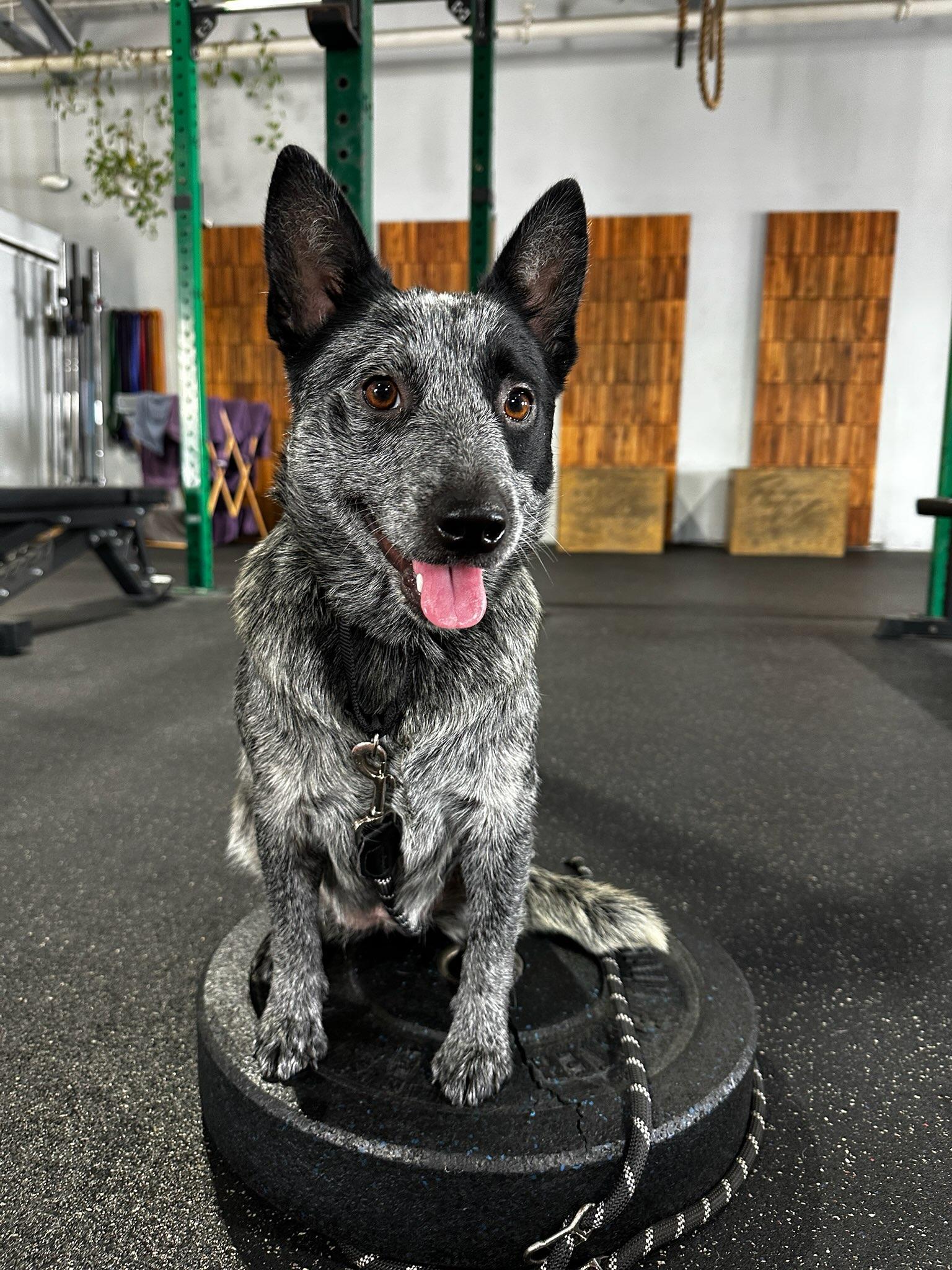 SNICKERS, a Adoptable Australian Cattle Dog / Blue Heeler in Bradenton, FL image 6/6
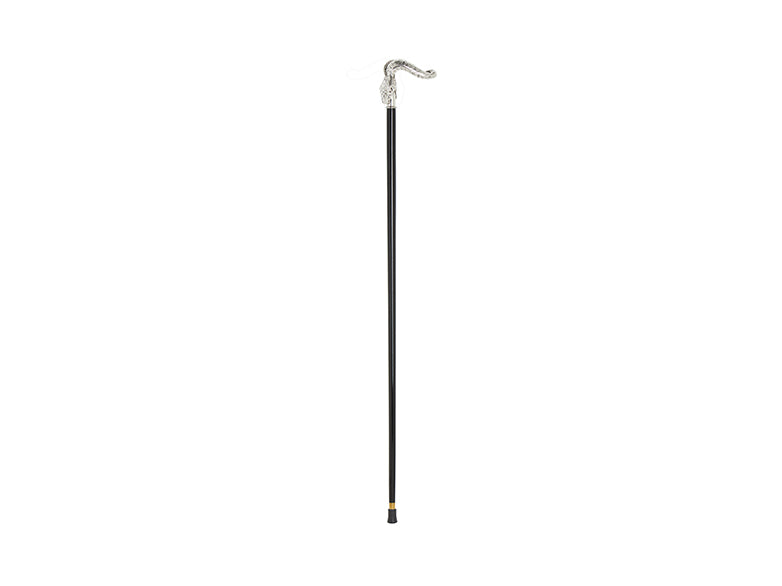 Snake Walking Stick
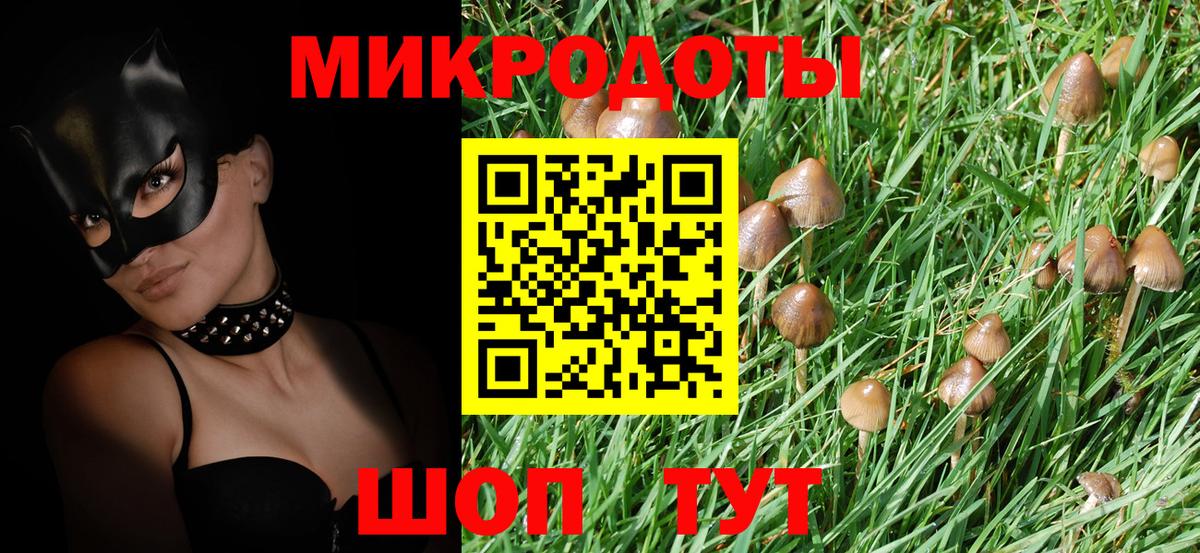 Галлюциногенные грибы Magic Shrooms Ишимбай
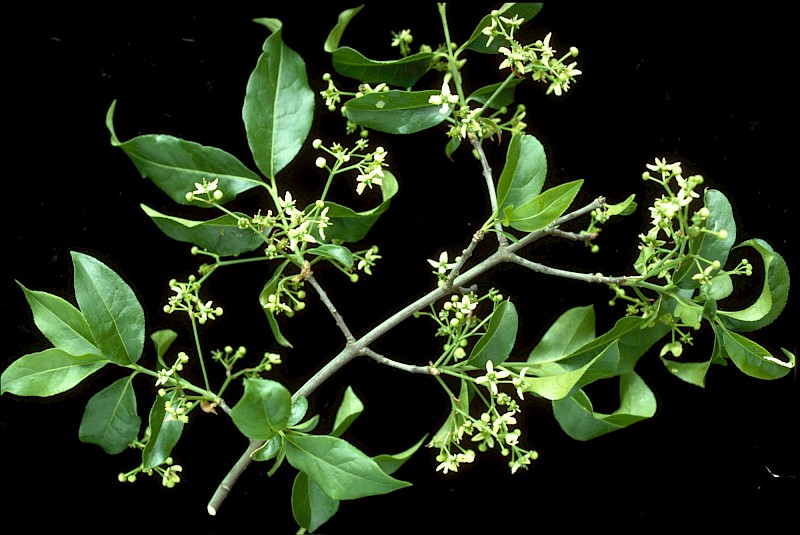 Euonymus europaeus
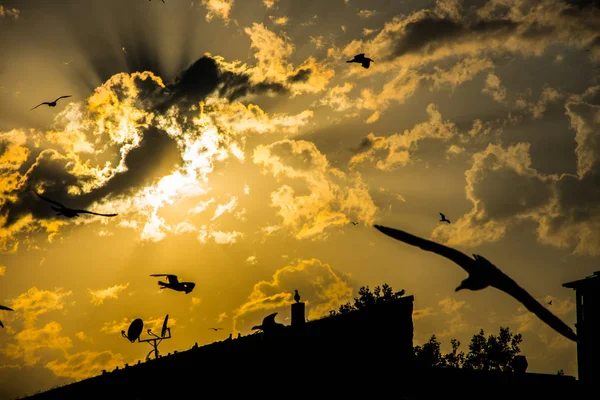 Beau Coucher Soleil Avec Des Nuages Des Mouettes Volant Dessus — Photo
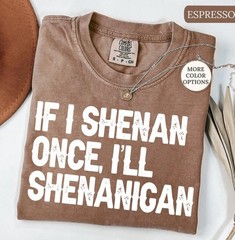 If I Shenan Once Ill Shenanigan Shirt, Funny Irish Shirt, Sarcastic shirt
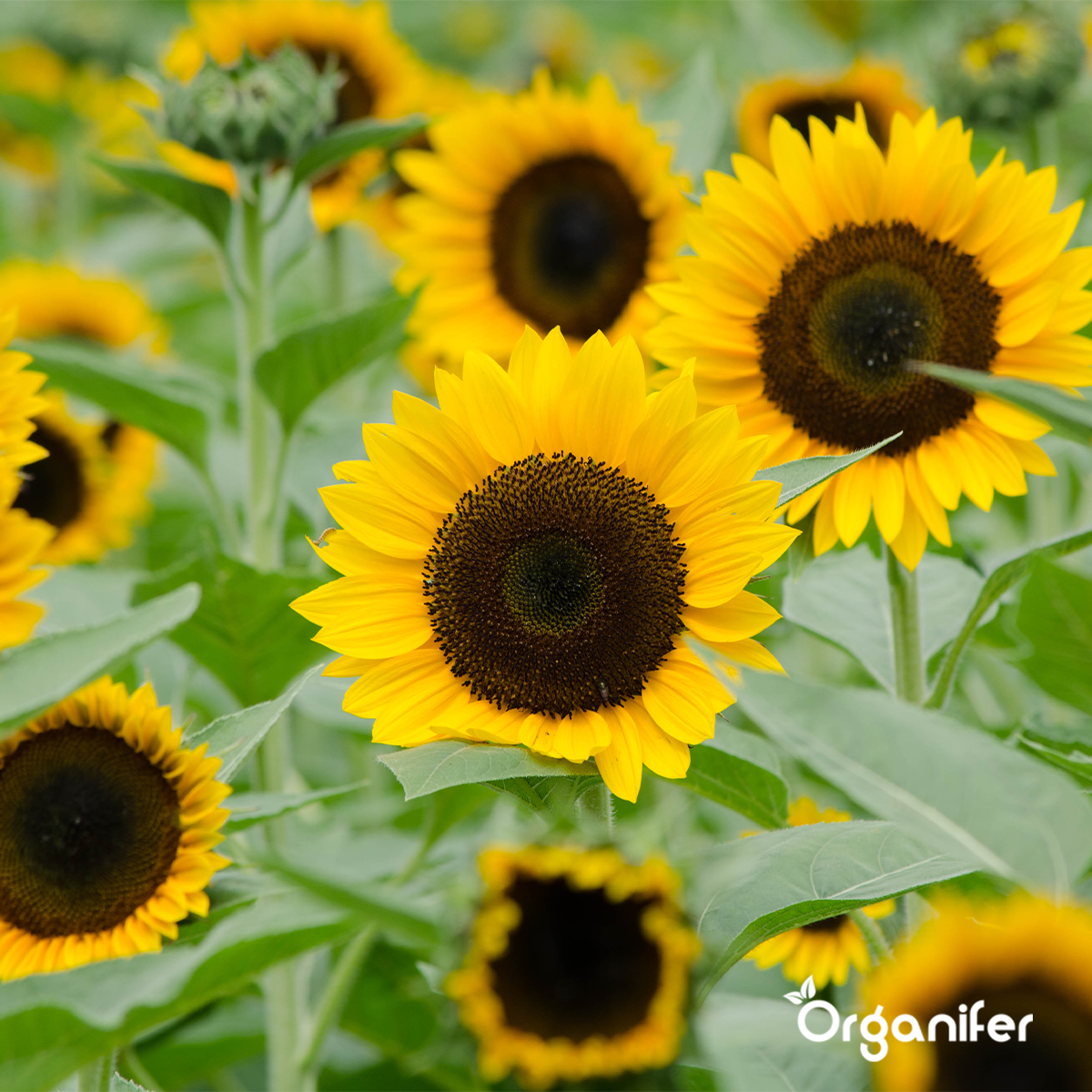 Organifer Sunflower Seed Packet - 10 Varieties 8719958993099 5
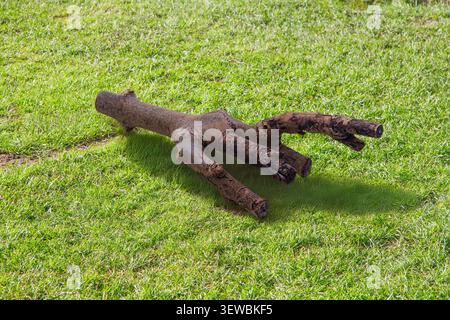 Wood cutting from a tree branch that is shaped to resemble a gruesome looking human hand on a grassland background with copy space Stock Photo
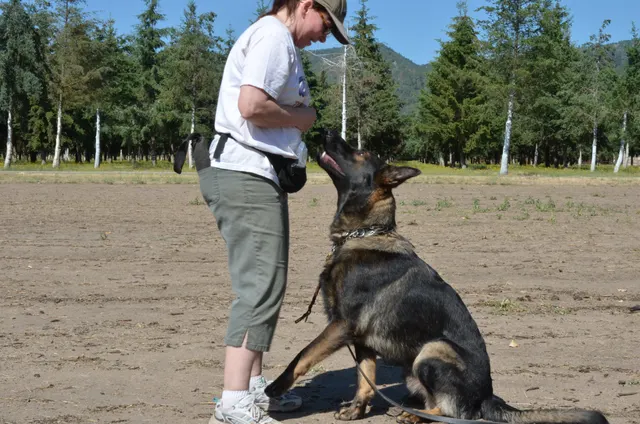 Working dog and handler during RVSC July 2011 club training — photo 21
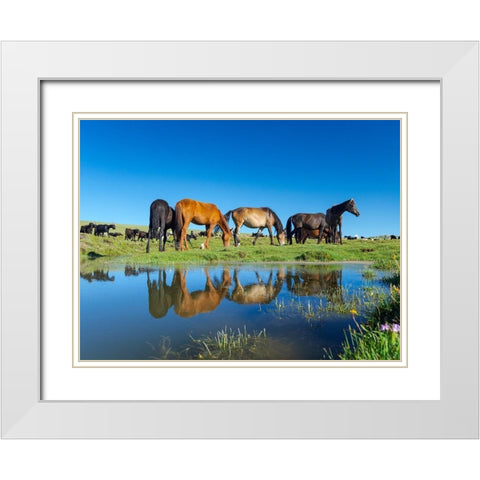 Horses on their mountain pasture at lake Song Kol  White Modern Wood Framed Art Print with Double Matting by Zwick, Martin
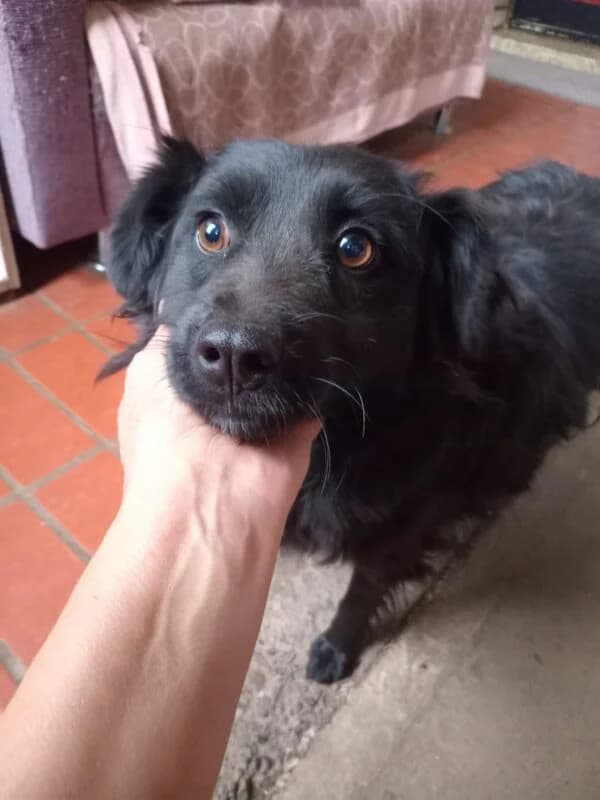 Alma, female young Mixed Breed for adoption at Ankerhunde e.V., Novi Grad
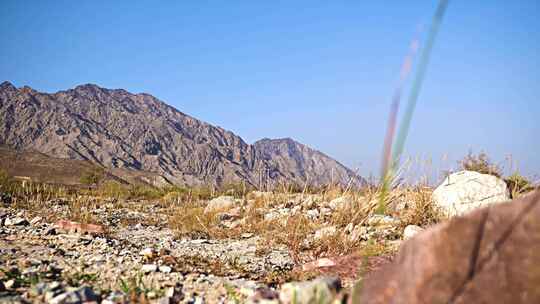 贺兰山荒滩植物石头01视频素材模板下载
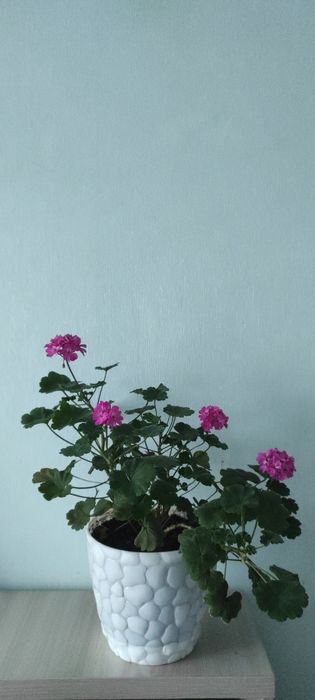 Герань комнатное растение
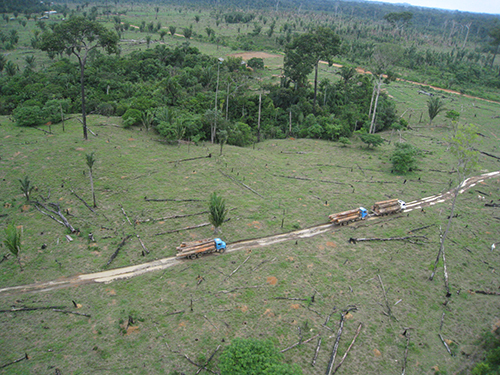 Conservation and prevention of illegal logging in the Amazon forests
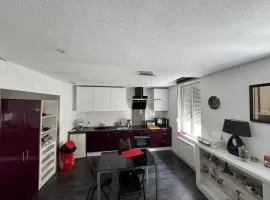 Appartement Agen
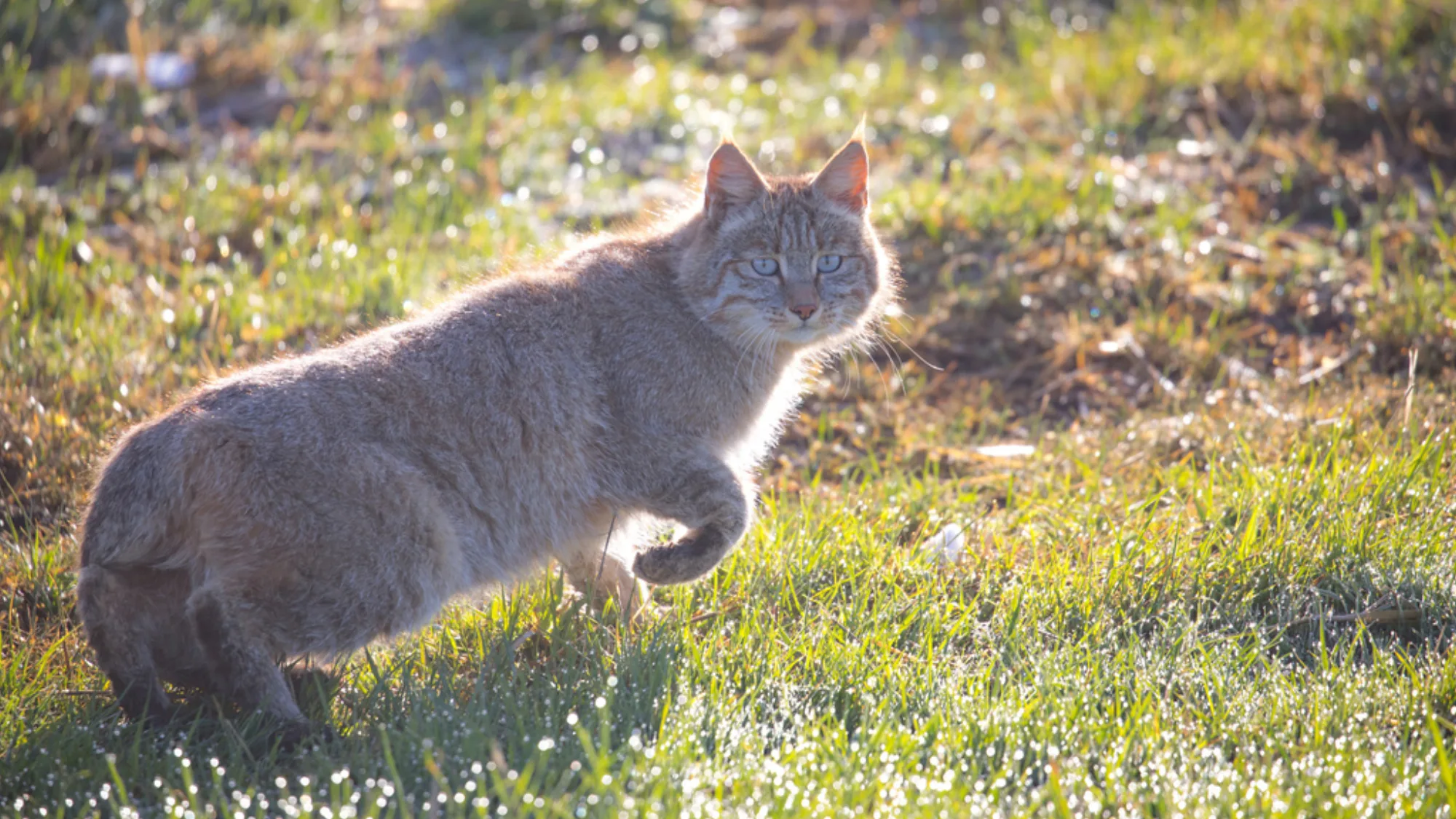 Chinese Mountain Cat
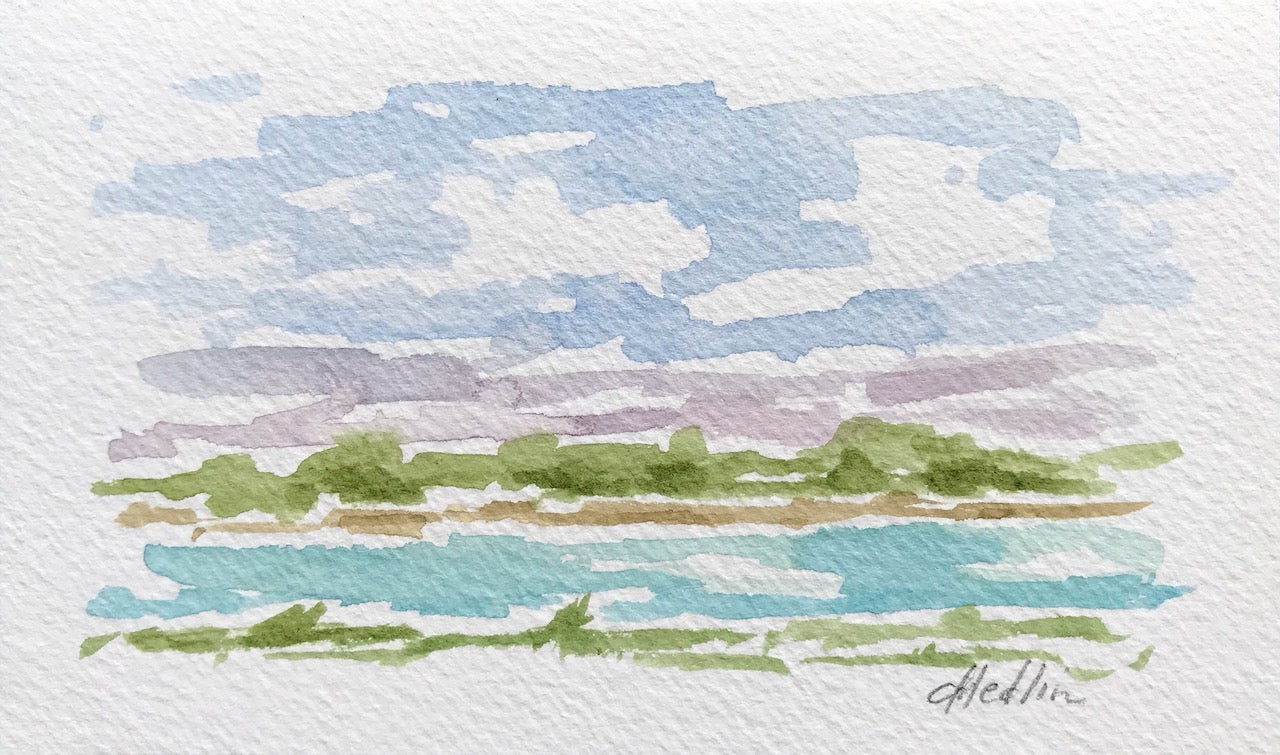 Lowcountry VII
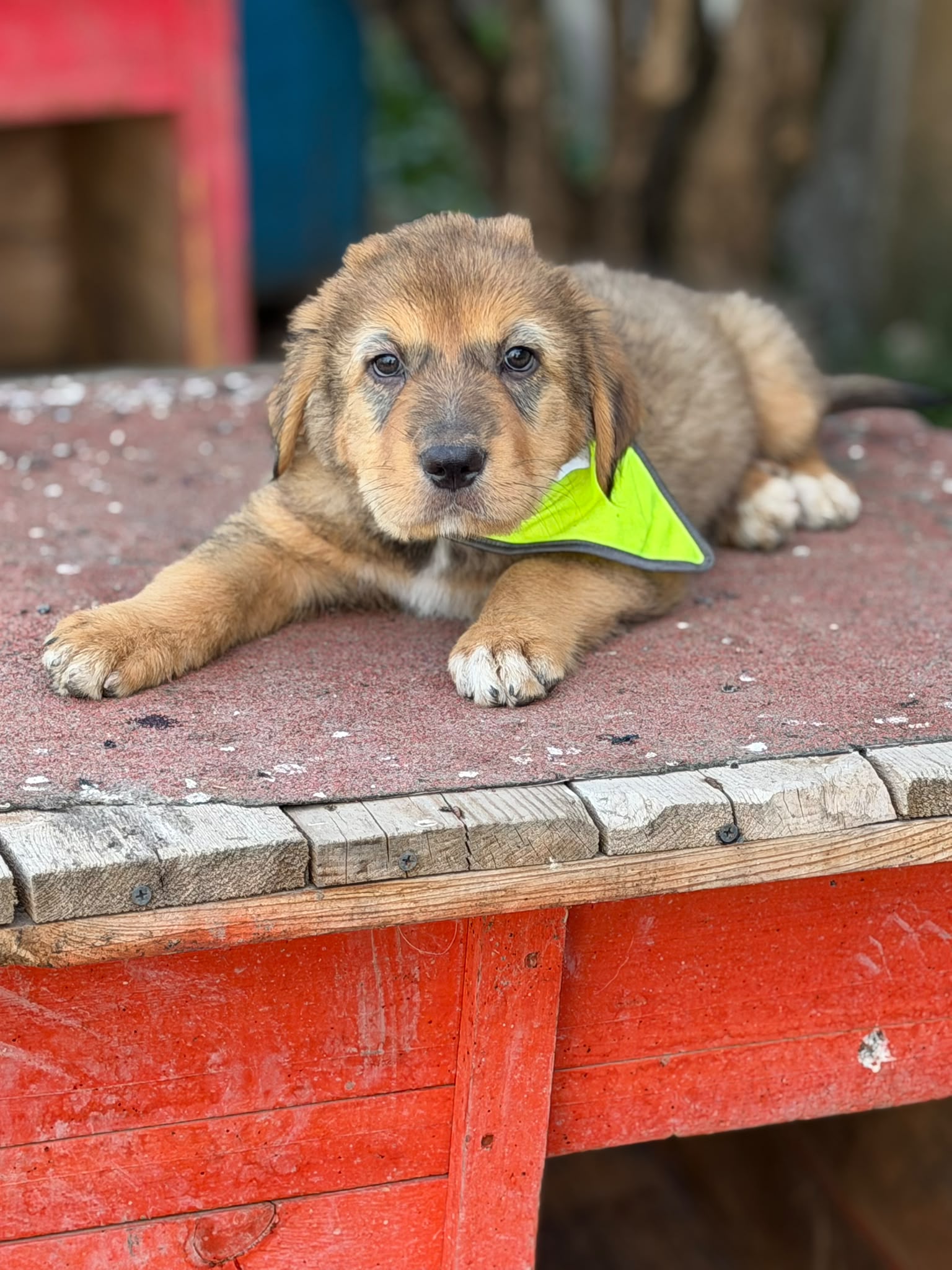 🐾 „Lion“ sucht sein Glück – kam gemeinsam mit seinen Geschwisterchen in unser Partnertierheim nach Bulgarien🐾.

-.-.-

With pictures omitted, reproduce exactly the lines from the line containing "Working dog and" through the end of the data above.

 Working dog and handler during RVSC July 2011 club training — photo 21
 Horses on their mountain pasture at lake Song Kol  White Modern Wood Framed Art Print with Double Matting by Zwick, Martin
 Alma, female young Mixed Breed for adoption at Ankerhunde e.V., Novi Grad
 贺兰山荒滩植物石头01视频素材模板下载
 Герань комнатное растение
 Conservation and prevention of illegal logging in the Amazon forests
 Appartement Agen
 Chinese Mountain Cat
 Lowcountry VII
 🐾 „Lion“ sucht sein Glück – kam gemeinsam mit seinen Geschwisterchen in unser Partnertierheim nach Bulgarien🐾.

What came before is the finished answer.